*Entries provided*.
+++

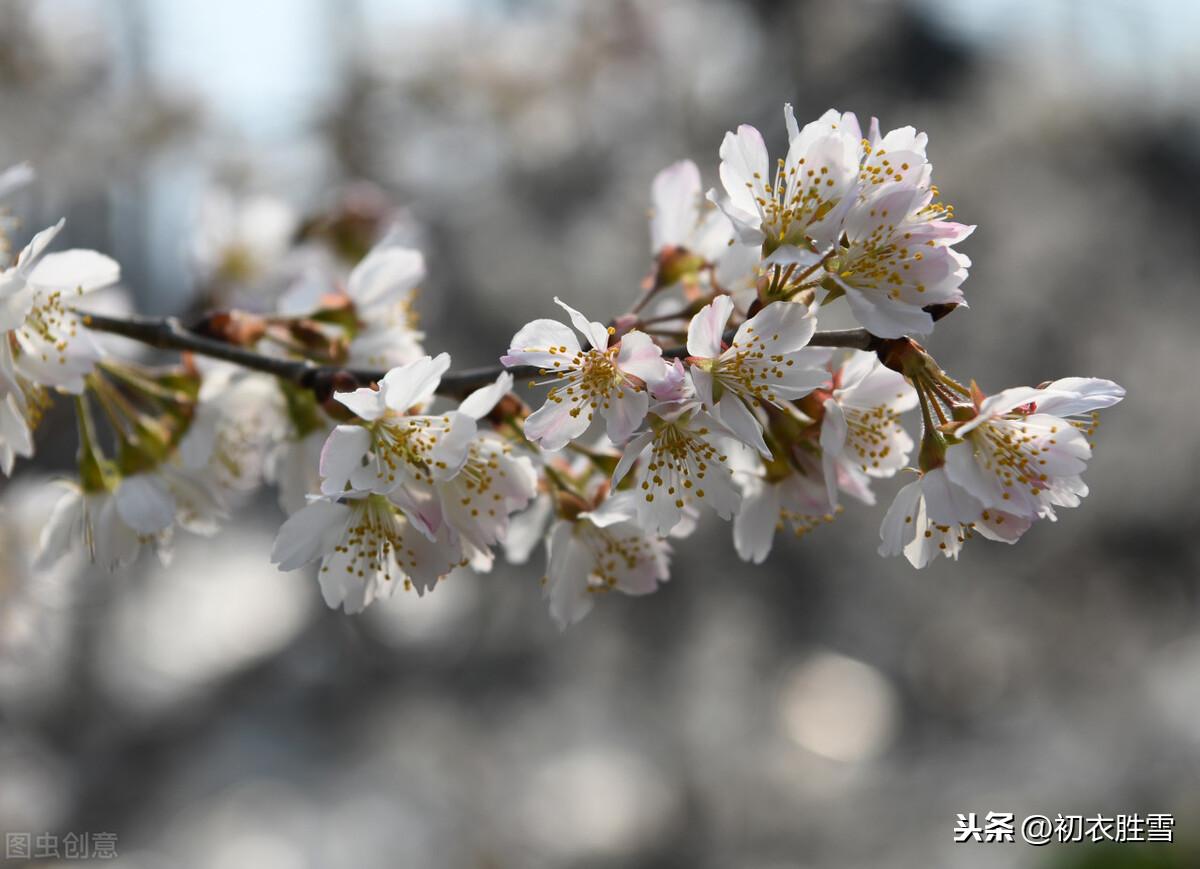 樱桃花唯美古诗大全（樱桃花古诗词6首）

+++

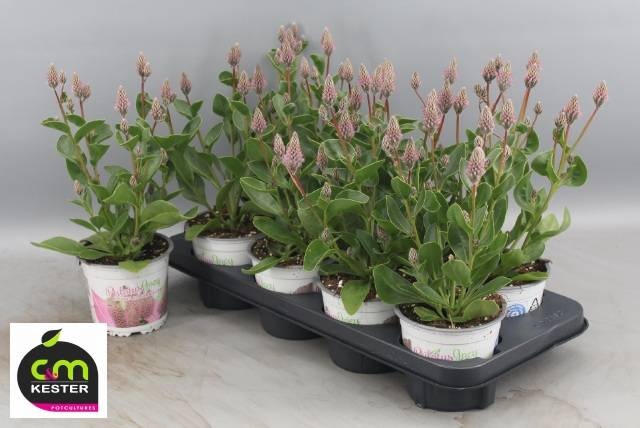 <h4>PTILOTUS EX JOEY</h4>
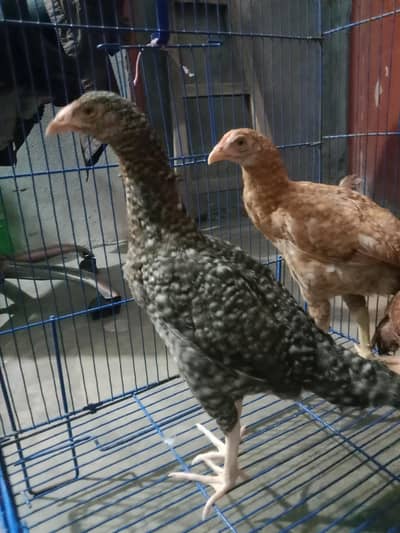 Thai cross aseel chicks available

+++

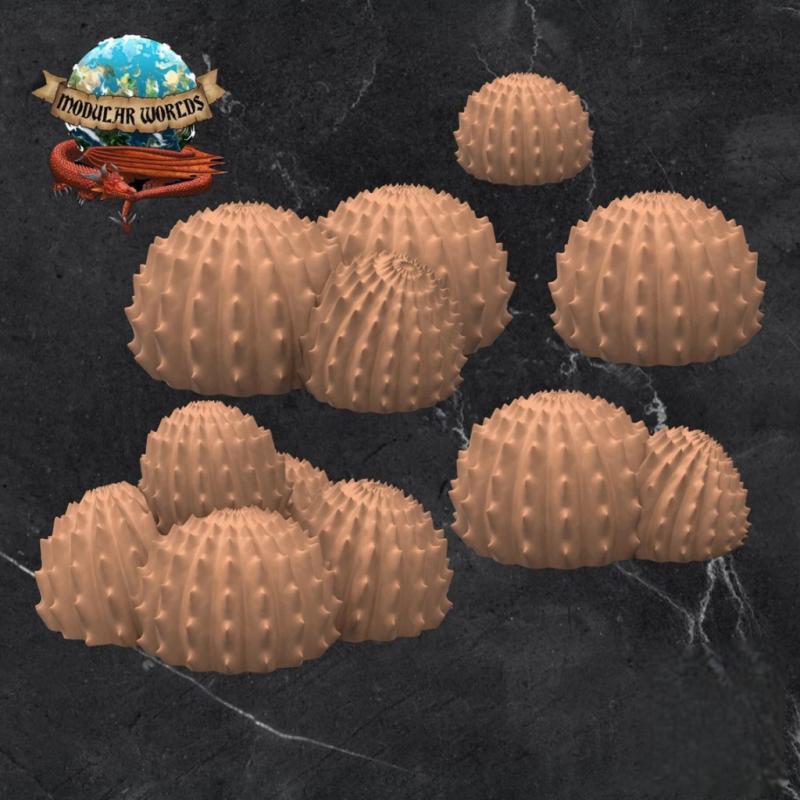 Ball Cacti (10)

+++

*Problem requirements*. The response must repeat exactly the lines above from the one with "<h4>PTILOTUS EX JOEY</h4>" through the one with "Thai cross aseel chicks available", including both, and must contain no pictures and no other text.

*Reply*.
 <h4>PTILOTUS EX JOEY</h4>
 Thai cross aseel chicks available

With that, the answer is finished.